→ Raw data:
§ §

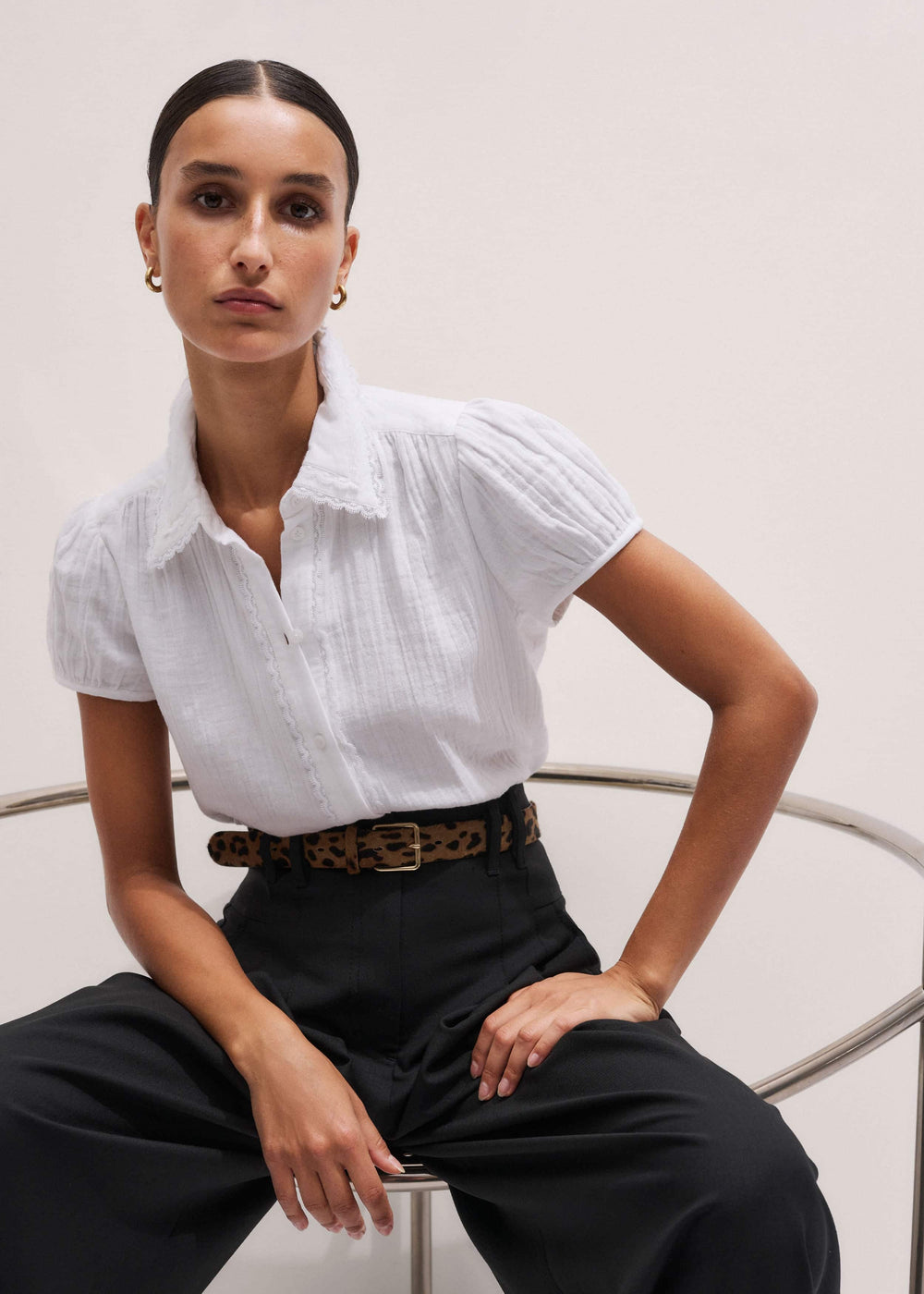 White Cheesecloth Cap-Sleeve Blouse
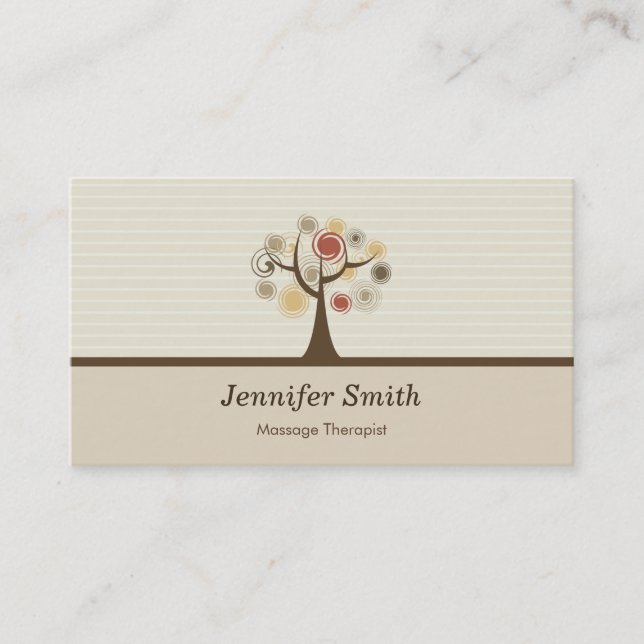 Massage Therapist - Elegant Natural Theme Business Card (Front)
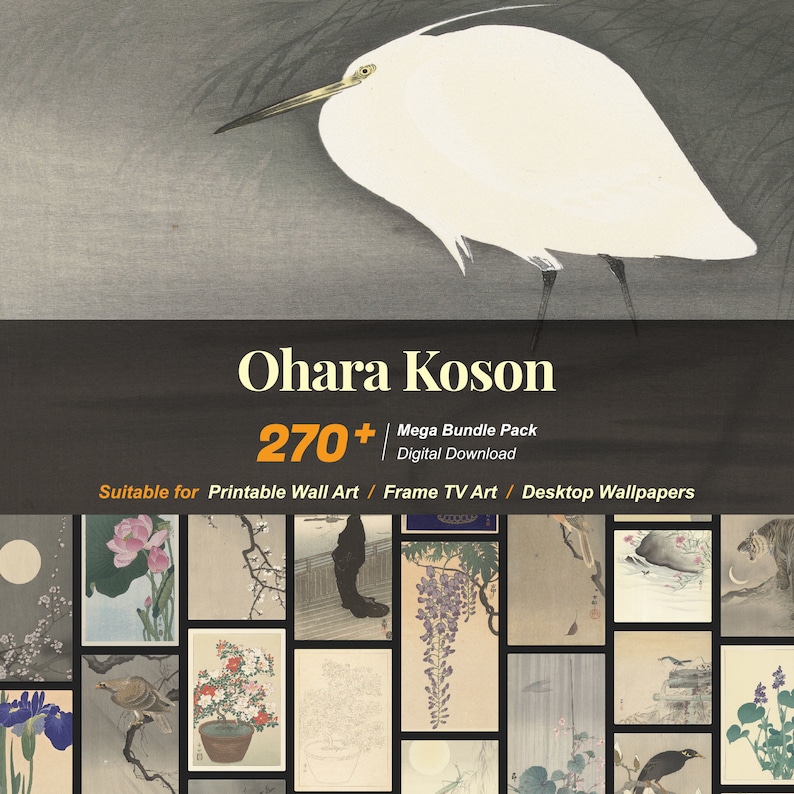 May include: A digital download pack of over 270 Japanese art prints by Ohara Koson. The pack includes a variety of subjects, including birds, flowers, and landscapes. The prints are suitable for use as printable wall art, frame TV art, or desktop wallpapers.
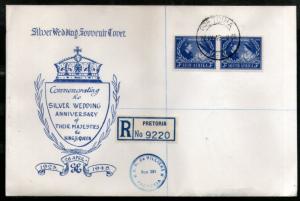 South Africa 1948 Silver Wedding Anniversary of KGVI & QE Sc 106 FDC # 9357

§ §

All of the lines above should be printed exactly, minus the pictures.

→ Answer to the exercise:
 White Cheesecloth Cap-Sleeve Blouse
 Massage Therapist - Elegant Natural Theme Business Card (Front)
 May include: A digital download pack of over 270 Japanese art prints by Ohara Koson. The pack includes a variety of subjects, including birds, flowers, and landscapes. The prints are suitable for use as printable wall art, frame TV art, or desktop wallpapers.
 South Africa 1948 Silver Wedding Anniversary of KGVI & QE Sc 106 FDC # 9357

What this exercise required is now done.